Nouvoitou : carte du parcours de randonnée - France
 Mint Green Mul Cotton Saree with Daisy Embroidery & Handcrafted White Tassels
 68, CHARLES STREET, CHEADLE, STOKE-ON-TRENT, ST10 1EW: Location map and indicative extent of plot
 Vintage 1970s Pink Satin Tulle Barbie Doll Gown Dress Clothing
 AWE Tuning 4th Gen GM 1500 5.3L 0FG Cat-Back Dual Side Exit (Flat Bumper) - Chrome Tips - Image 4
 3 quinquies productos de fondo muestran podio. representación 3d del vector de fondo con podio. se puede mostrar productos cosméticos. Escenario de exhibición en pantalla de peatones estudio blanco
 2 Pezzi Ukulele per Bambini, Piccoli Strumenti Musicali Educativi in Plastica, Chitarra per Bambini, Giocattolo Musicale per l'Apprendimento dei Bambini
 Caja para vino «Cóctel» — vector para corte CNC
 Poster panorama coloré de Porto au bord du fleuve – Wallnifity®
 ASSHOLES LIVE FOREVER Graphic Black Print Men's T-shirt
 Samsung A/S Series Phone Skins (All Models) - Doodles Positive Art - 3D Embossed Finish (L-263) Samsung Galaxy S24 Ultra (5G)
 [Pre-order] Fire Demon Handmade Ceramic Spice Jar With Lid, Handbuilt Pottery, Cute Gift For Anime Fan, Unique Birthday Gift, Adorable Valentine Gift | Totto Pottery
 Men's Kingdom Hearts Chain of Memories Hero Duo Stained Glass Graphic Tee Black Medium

- [Exercise goal] I need each of the entries above printed again exactly.

- [Task output]
Nouvoitou : carte du parcours de randonnée - France
 Mint Green Mul Cotton Saree with Daisy Embroidery & Handcrafted White Tassels
 68, CHARLES STREET, CHEADLE, STOKE-ON-TRENT, ST10 1EW: Location map and indicative extent of plot
 Vintage 1970s Pink Satin Tulle Barbie Doll Gown Dress Clothing
 AWE Tuning 4th Gen GM 1500 5.3L 0FG Cat-Back Dual Side Exit (Flat Bumper) - Chrome Tips - Image 4
 3 quinquies productos de fondo muestran podio. representación 3d del vector de fondo con podio. se puede mostrar productos cosméticos. Escenario de exhibición en pantalla de peatones estudio blanco
 2 Pezzi Ukulele per Bambini, Piccoli Strumenti Musicali Educativi in Plastica, Chitarra per Bambini, Giocattolo Musicale per l'Apprendimento dei Bambini
 Caja para vino «Cóctel» — vector para corte CNC
 Poster panorama coloré de Porto au bord du fleuve – Wallnifity®
 ASSHOLES LIVE FOREVER Graphic Black Print Men's T-shirt
 Samsung A/S Series Phone Skins (All Models) - Doodles Positive Art - 3D Embossed Finish (L-263) Samsung Galaxy S24 Ultra (5G)
 [Pre-order] Fire Demon Handmade Ceramic Spice Jar With Lid, Handbuilt Pottery, Cute Gift For Anime Fan, Unique Birthday Gift, Adorable Valentine Gift | Totto Pottery
 Men's Kingdom Hearts Chain of Memories Hero Duo Stained Glass Graphic Tee Black Medium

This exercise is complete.